Inspired Triangulation: Thomas Hardy and British Poetry James Keery

'Illiterate is only just too strong a word for criticism so nearly of McGonagall quality.' Mc...what? But it's a classic, it's inspired... 'What piffle!' Piffle? What do you call piffle?

In Hardy's 'Overlooking the Stour', a moorhen darts out 'planing up shavings of crystal spray' and swallows like little crossbows fly round like figures of eight. Comment: The virtuosity of this poem 'is of a kind impossible before advanced technology', birds 'are transformed into machines, the swallows into crossbows, and the moorhen into some sort of lathe'. Is...the crossbow...an item of Victorian technology? Is this moorhen whirling round at speed? No, this moorhen is planing, like a plane ...

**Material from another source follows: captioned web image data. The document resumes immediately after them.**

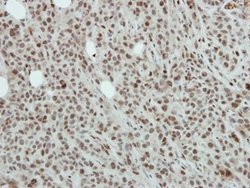 Invitrogen NFYB Polyclonal Antibody 100 &mu;L; Unconjugated:Antibodies,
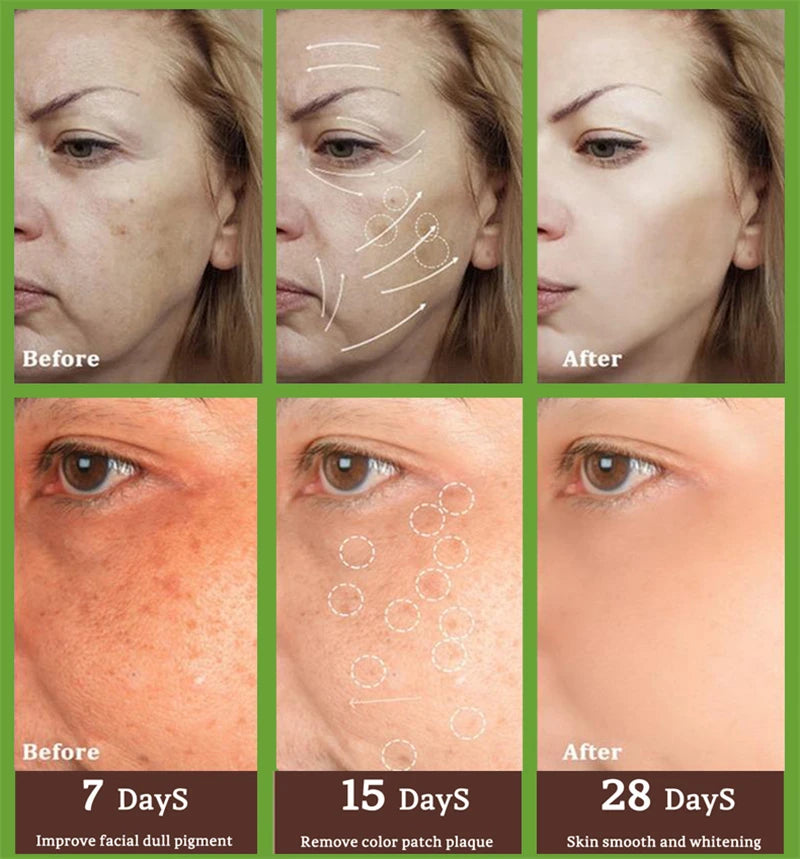 Stubborn Spot Remover Serum | Anti-Pigmentation Fade Melasma Clear Blemishes - 7 Day Challenge Results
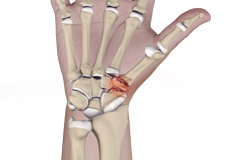 Triscaphoid Joint Arthritis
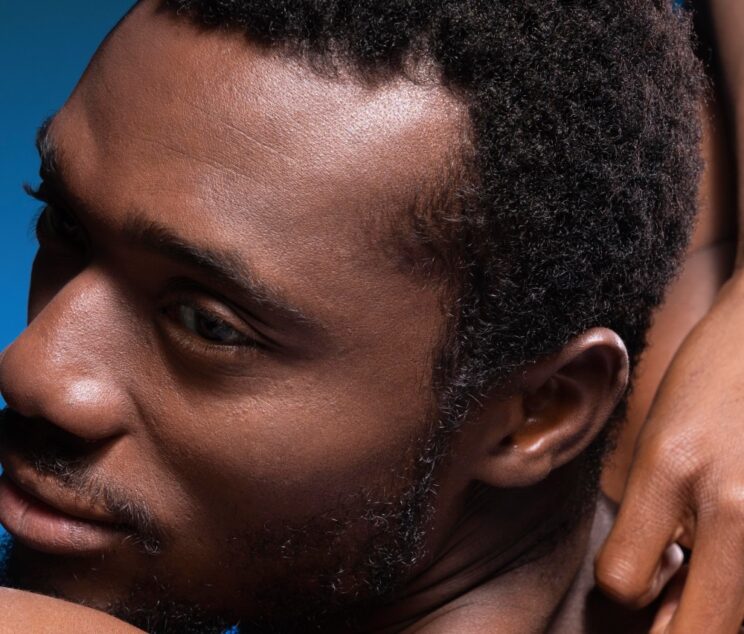 Afro Hair Transplant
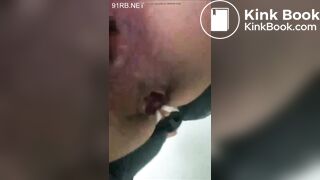 Hospital voyeur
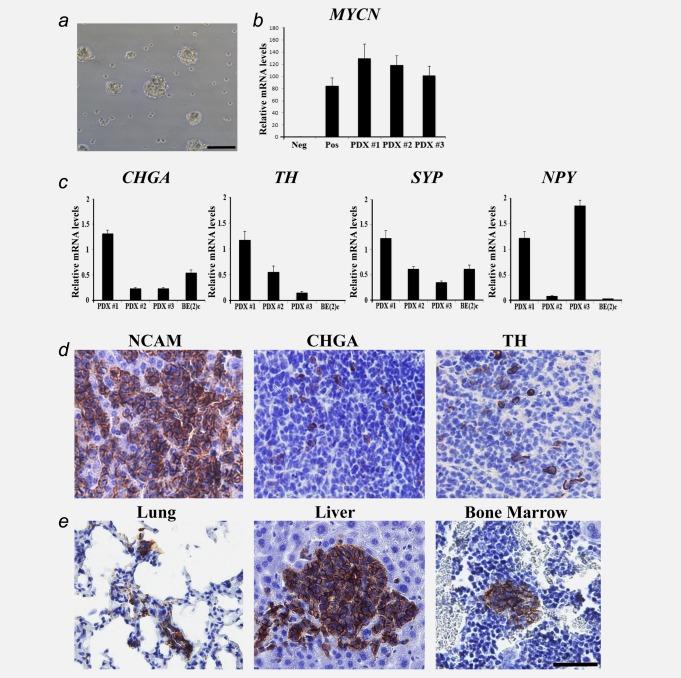 https://cdn.ncbi.nlm.nih.gov/pmc/blobs/1e0d/4299502/0e440794903c/ijc0136-E252-f5.jpg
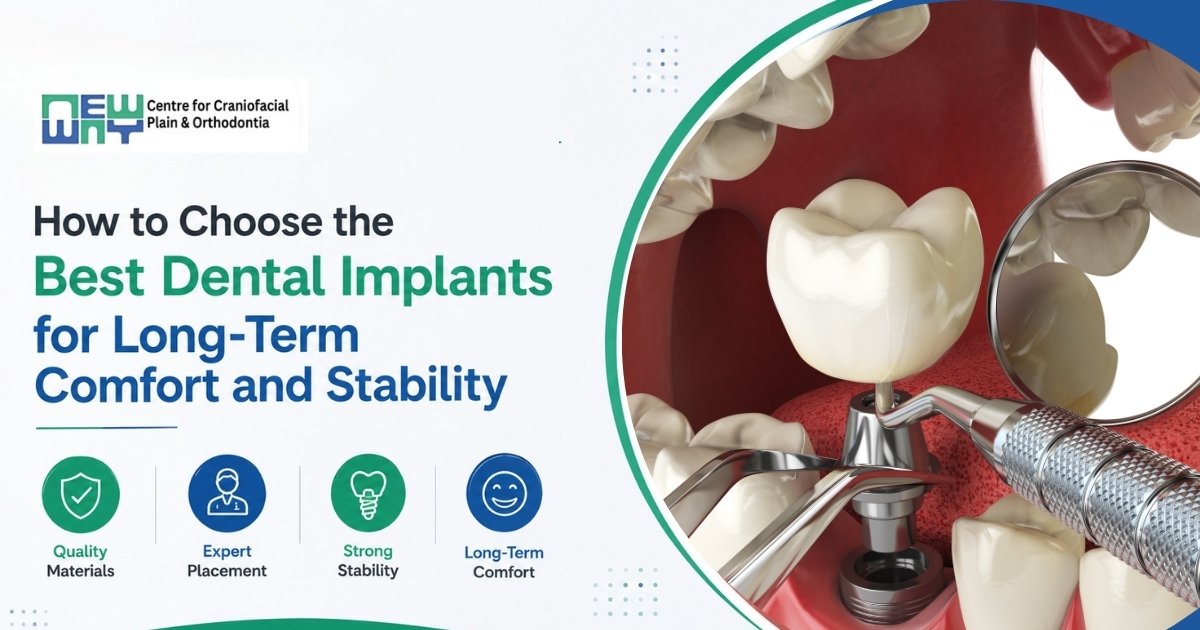 best dental implants in Chandigarh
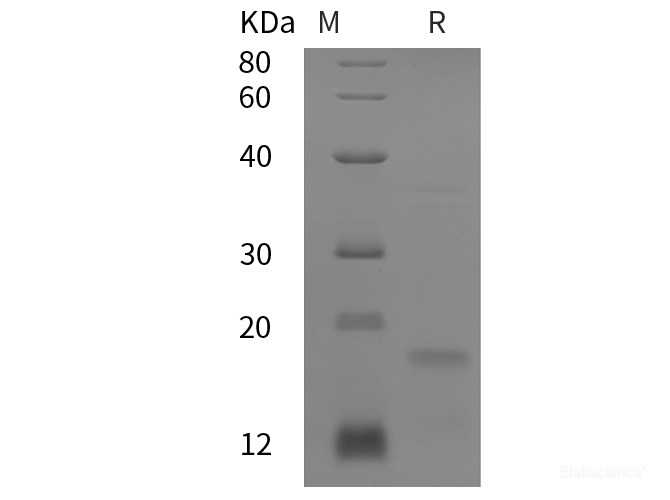 Recombinant Human P21 protein (His tag)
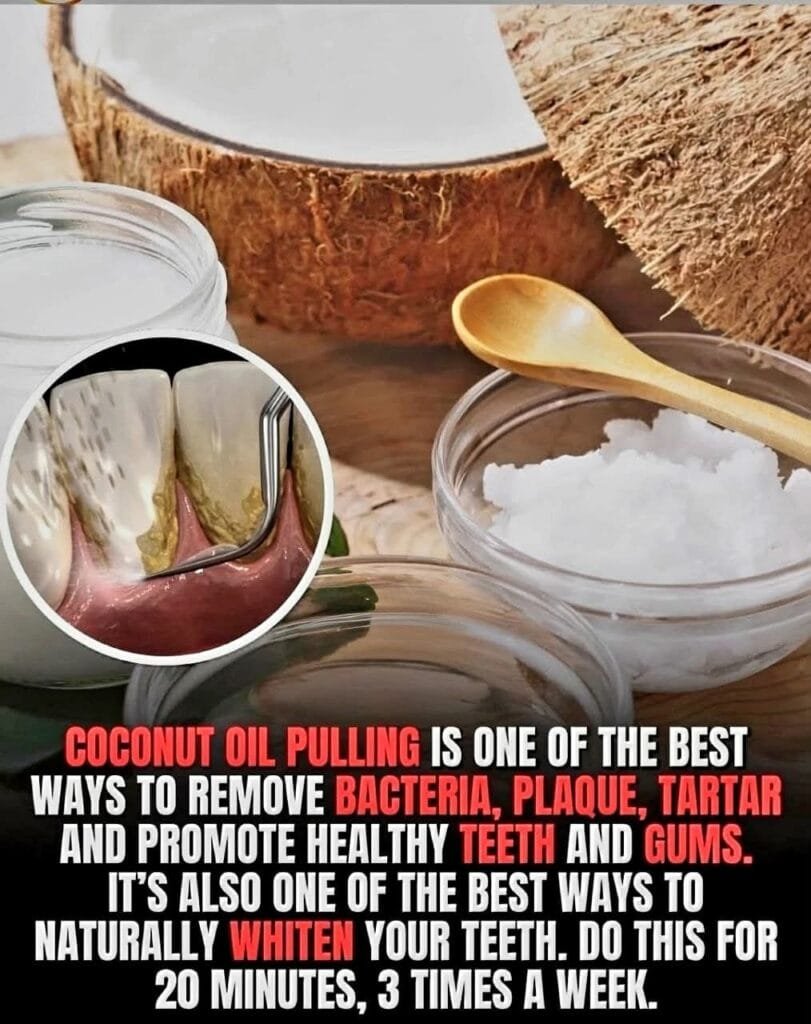 coconut oil pulling as a natural method for improving oral health 1 coconut oil pulling as a natural method for improving oral health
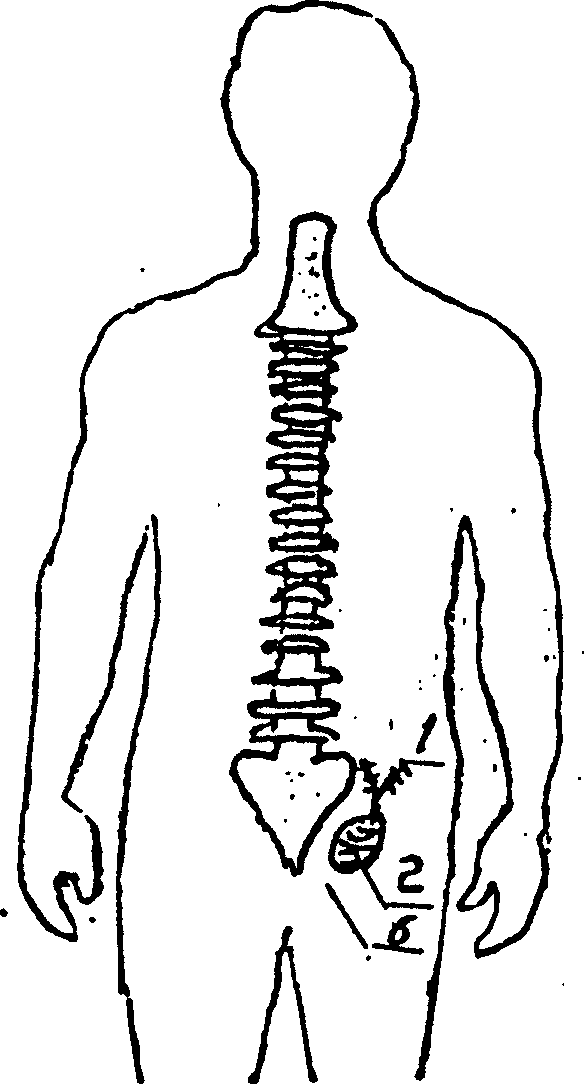 Biological affinitic electrode stimulating device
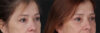Blepharoplasty case #266684 slider thumbnail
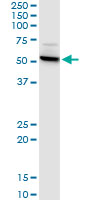 1 - CTNS Antibody (monoclonal) (M09) AT1679a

Er ... okay. Maybe lose the moorhen, but ... 'I am not convinced by declarations that much dry, rightly neglected verse by particular living poets isn't dry, or rightly neglected ... I am bored, bored, bored by sentences which begin, "As Schniedau and others have hinted"... '

And so on, for three vitriolic pages. In 'A Very Technological Matter', Geoffrey Grigson takes no prisoners, even warning Donald Davie's students against taking him seriously. Perhaps that's why the editor of the New Statesman spiked the piece, which appears only in Blessings, Kicks and Curses (1982). His counterpart on the Listener, J.R. Ackerley, once confided in Stephen Spender that '[t]o send G a book to review was an act of hostility against the author'. As if Davie couldn't stick up for himself!

...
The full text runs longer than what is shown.